Work item
Give the lines again exactly as they appear below, from the line with "A History of the Presidency (Hardcover)" to the line with "Pray before you", both included, and only those lines. Leave every picture out.

Data records
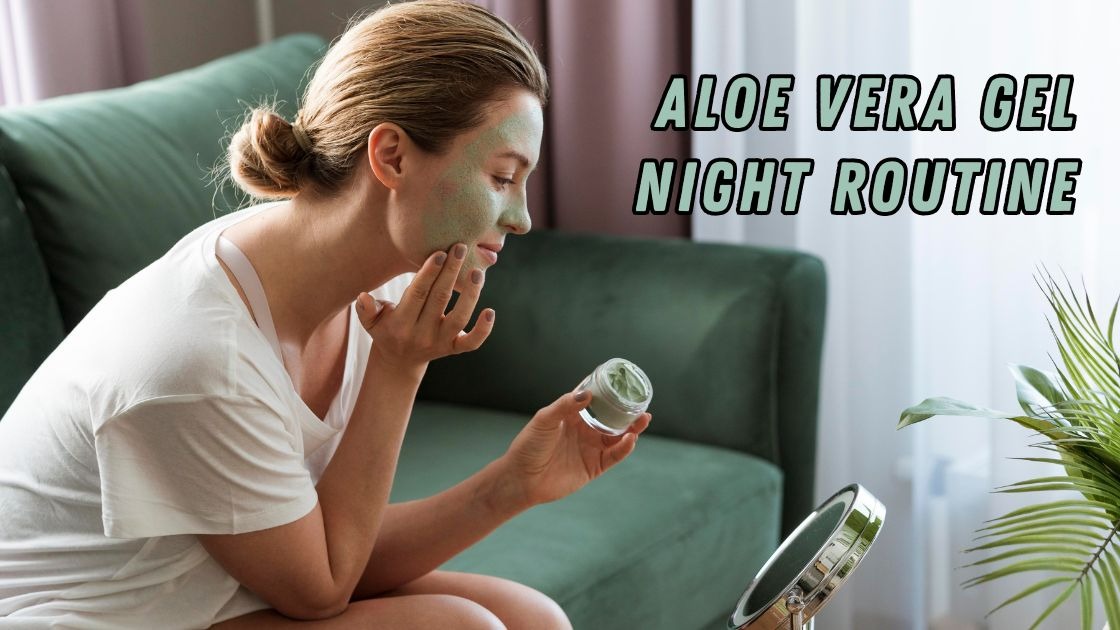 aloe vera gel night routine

--

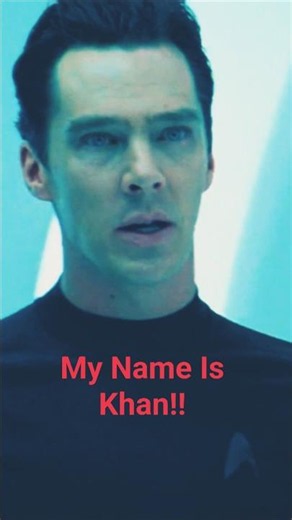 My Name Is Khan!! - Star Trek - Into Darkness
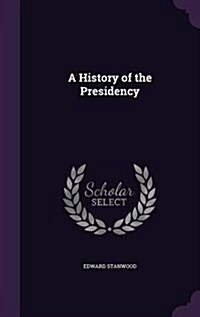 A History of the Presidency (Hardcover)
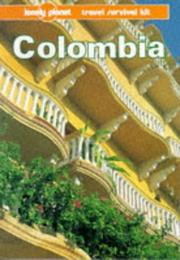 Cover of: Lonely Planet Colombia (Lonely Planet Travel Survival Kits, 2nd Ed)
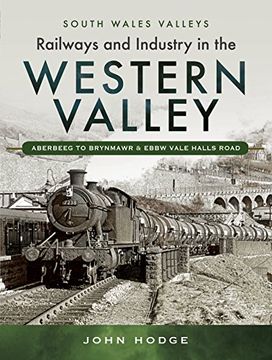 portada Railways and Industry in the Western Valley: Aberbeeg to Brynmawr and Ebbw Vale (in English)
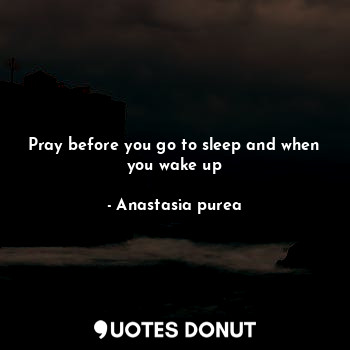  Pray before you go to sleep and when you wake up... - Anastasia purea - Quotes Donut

Task response
 A History of the Presidency (Hardcover)
 Cover of: Lonely Planet Colombia (Lonely Planet Travel Survival Kits, 2nd Ed)
 portada Railways and Industry in the Western Valley: Aberbeeg to Brynmawr and Ebbw Vale (in English)
  Pray before you go to sleep and when you wake up... - Anastasia purea - Quotes Donut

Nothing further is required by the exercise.